### Exercise directions
Give back the full listing exactly, setting the pictures aside.

### Data section
-- Opening Marker --

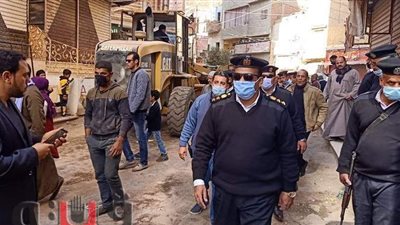 إزالة 413 حالة تعديات وإشغالات من شوارع الفشن ببني سويف | صور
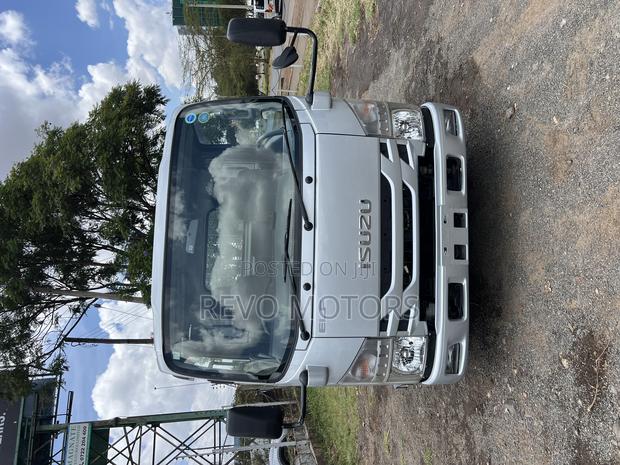 2019 Isuzu NMR 88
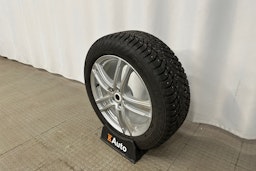 sininen Skoda Enyaq 2022 kuva 13.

-- Closing Marker --

### Finished exercise
 إزالة 413 حالة تعديات وإشغالات من شوارع الفشن ببني سويف | صور
 2019 Isuzu NMR 88
 sininen Skoda Enyaq 2022 kuva 13.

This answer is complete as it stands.